Symptoms in gastroparesis (Gp) and functional dyspepsia (FD) overlap; using egg protein substitute to measure gastric emptying of solids (GES), ~40% of patients are reclassified from Gp to FD, and vice versa. Our aim was to assess inter-individual and intra-individual coefficients of variation (COV) in GES in symptomatic patients with Gp or FD with documented slow or normal GES, respectively.

DESIGN

Scintigraphic GES (T and GE% at 2 and 4 hours) using a 320 kcal real egg meal (30% fat) was tested in the following: single measurements in 20 patients with diabetes mellitus (10 each type 1 and type 2); repeat GES to estimate COV measured: 3 days apart in 9 Gp, 4 weeks apart in 21 Gp and 18 with FD with normal GE assigned to placebo and in 70 patients at 94.3 weeks (median) apart.

RESULTS

COV for GE% at 4 hours and GE T were respectively 14.2% and 23.5% in FD and 27.5% and 33% in Gp; COV for GE% at 4 hours and GE T up to 4 weeks apart were 23.4% and 37.9% in FD and 20.1% and 33% in Gp. GE% at 2 hours showed less consistent results. However, >85% retained original diagnosis as normal or delayed.
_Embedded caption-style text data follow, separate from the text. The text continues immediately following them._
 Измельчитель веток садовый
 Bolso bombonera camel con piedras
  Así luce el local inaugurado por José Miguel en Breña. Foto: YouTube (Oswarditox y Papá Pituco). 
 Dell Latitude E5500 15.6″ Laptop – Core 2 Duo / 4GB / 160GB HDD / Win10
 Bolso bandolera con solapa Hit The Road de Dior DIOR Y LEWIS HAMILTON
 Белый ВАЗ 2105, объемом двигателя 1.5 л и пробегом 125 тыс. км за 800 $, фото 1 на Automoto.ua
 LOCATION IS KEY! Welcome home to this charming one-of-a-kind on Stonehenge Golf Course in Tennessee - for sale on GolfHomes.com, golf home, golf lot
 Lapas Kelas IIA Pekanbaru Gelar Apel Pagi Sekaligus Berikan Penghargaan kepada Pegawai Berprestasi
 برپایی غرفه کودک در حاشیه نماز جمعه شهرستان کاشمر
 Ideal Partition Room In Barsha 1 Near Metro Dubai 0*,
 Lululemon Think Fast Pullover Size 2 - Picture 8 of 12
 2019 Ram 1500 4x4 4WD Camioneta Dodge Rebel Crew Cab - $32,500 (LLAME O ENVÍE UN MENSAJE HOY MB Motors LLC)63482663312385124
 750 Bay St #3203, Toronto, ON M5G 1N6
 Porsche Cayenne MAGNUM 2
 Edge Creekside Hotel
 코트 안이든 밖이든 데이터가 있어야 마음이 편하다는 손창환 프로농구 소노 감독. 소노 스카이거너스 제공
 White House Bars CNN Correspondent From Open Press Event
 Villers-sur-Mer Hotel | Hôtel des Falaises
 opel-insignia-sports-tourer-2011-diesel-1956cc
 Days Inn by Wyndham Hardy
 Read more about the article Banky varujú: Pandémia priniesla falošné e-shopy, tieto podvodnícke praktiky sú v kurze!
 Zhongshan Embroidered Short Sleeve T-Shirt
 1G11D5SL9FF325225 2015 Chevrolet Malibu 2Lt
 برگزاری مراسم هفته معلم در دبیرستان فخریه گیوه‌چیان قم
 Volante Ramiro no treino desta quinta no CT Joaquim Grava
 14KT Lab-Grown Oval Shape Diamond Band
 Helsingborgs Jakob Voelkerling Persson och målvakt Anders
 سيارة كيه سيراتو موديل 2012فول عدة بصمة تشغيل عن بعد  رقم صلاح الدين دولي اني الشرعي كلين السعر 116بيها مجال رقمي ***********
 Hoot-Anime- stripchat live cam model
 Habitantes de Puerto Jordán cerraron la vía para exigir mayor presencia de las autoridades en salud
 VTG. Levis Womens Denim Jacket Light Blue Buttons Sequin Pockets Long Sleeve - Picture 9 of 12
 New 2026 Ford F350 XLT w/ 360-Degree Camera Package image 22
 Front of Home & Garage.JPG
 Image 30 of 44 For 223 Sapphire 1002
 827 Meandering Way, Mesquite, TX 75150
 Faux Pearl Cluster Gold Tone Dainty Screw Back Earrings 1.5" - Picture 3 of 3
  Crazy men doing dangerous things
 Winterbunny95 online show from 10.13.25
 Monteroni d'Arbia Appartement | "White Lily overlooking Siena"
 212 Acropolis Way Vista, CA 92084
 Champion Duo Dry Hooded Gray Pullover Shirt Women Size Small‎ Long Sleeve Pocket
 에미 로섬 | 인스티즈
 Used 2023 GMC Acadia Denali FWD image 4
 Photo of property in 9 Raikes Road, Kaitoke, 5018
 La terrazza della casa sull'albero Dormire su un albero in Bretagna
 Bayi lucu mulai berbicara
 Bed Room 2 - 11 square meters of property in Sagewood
From clinical GES to baseline research for Gp group, repeat GES (after treatment) showed the COV for GE% at 4 hours was 37.3% at median 94.3 weeks, with 26/70 changed diagnoses.

CONCLUSION

The 320 kcal (30% fat) GES scintigraphic test provides consistent diagnosis in >85% and should be the standard test for suspected gastric emptying disorders.

摘要

目的

胃轻瘫(Gp)和功能性消化不良(FD)的症状重叠;使用卵蛋白替代物测量固体胃排空(GES),约 40%的患者从 Gp 重新分类为 FD,反之亦然。我们的目的是评估分别具有记录的缓慢或正常 GES 的 Gp 或 FD 症状患者的 GES 个体内和个体间变异系数(COV)。

设计

使用 320 卡路里的真实鸡蛋餐(30%脂肪)进行闪烁胃排空研究(T 和 GE%在 2 和 4 小时),分别在以下情况下进行测试:20 例糖尿病患者的单次测量(10 例 1 型和 10 例 2 型);重复 GES 以估计 COV 进行测量:在 9 例 Gp 中相隔 3 天,在 21 例 Gp 和 18 例 FD 中相隔 4 周,在 70 例 FD 中相隔 94.3 周(中位数)。

结果

FD 中 GE%在 4 小时和 GE T 的 COV 分别为 14.2%和 23.5%,Gp 中分别为 27.5%和 33%;FD 中 GE%在 4 小时和 GE T 相隔 4 周的 COV 分别为 23.4%和 37.9%,Gp 中分别为 20.1%和 33%。GE%在 2 小时的结果不太一致。然而,超过 85%的患者保留了正常或延迟的原始诊断。从临床 GES 到 Gp 组的基线研究,重复 GES(治疗后)显示 GE%在 4 小时的 COV 为中位数 94.3 周时的 37.3%,70 例中有 26 例改变了诊断。

结论

320 卡路里(30%脂肪)的 GES 闪烁扫描测试提供了>85%的一致诊断,应该是疑似胃排空障碍的标准测试。